■ **WHAT IS REQUIRED**
Reproduce the lines below exactly, from the one containing "CaoShiFu Bacteriostatic Cream" through the one containing "thumbnail image 2", both included. Leave out any pictures.

■ **GIVEN RECORDS**
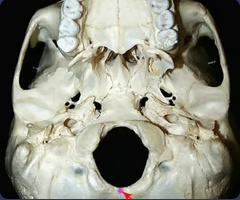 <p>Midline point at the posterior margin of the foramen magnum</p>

* * *

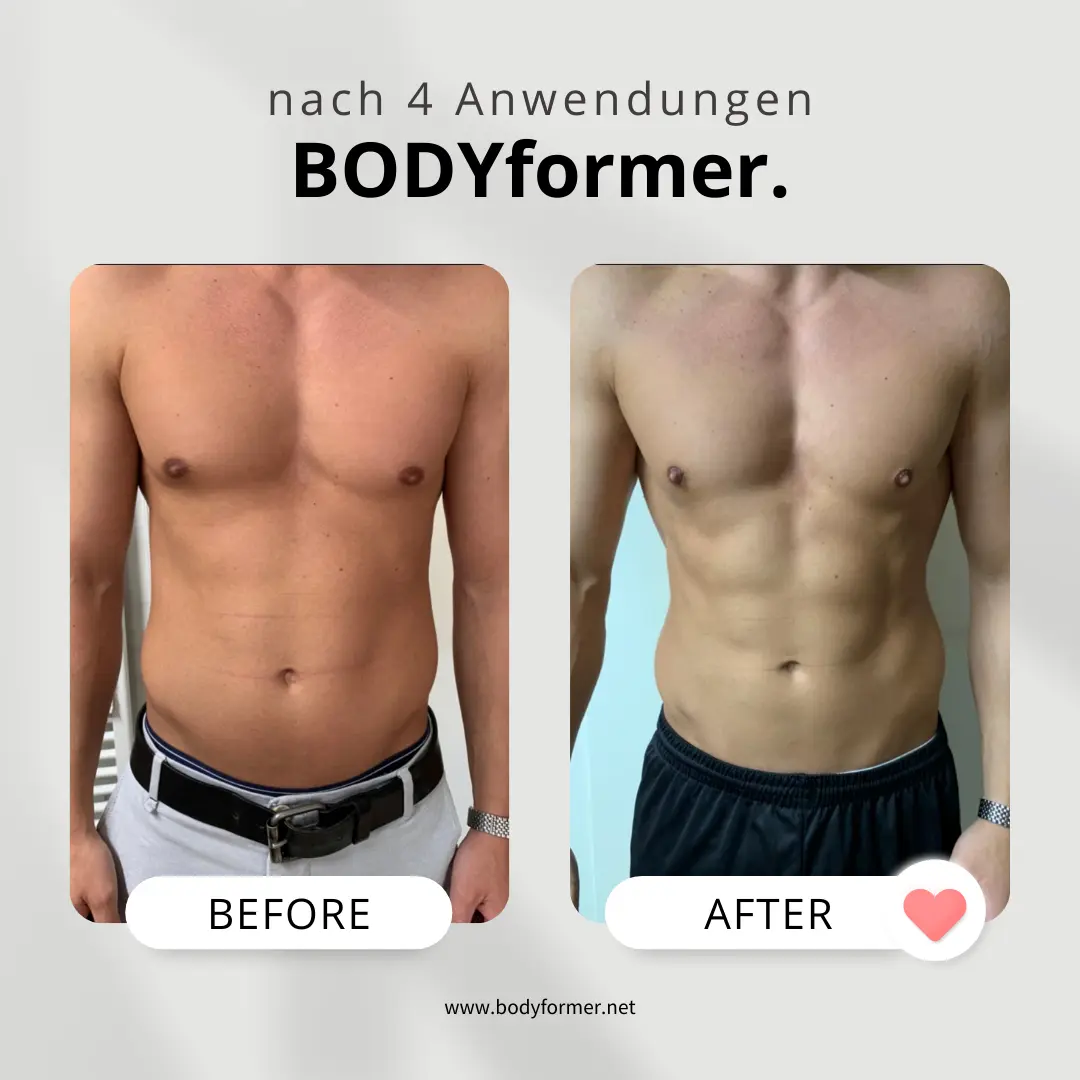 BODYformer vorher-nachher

==

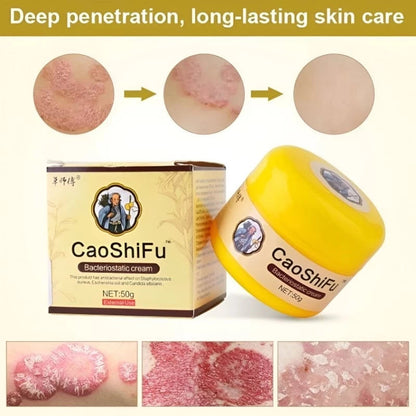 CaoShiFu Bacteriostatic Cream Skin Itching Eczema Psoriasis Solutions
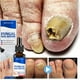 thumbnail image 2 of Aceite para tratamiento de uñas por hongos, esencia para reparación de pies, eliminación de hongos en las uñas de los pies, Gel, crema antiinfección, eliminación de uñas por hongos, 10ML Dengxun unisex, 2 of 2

■ **YOUR SOLUTION**
 CaoShiFu Bacteriostatic Cream Skin Itching Eczema Psoriasis Solutions
 thumbnail image 2 of Aceite para tratamiento de uñas por hongos, esencia para reparación de pies, eliminación de hongos en las uñas de los pies, Gel, crema antiinfección, eliminación de uñas por hongos, 10ML Dengxun unisex, 2 of 2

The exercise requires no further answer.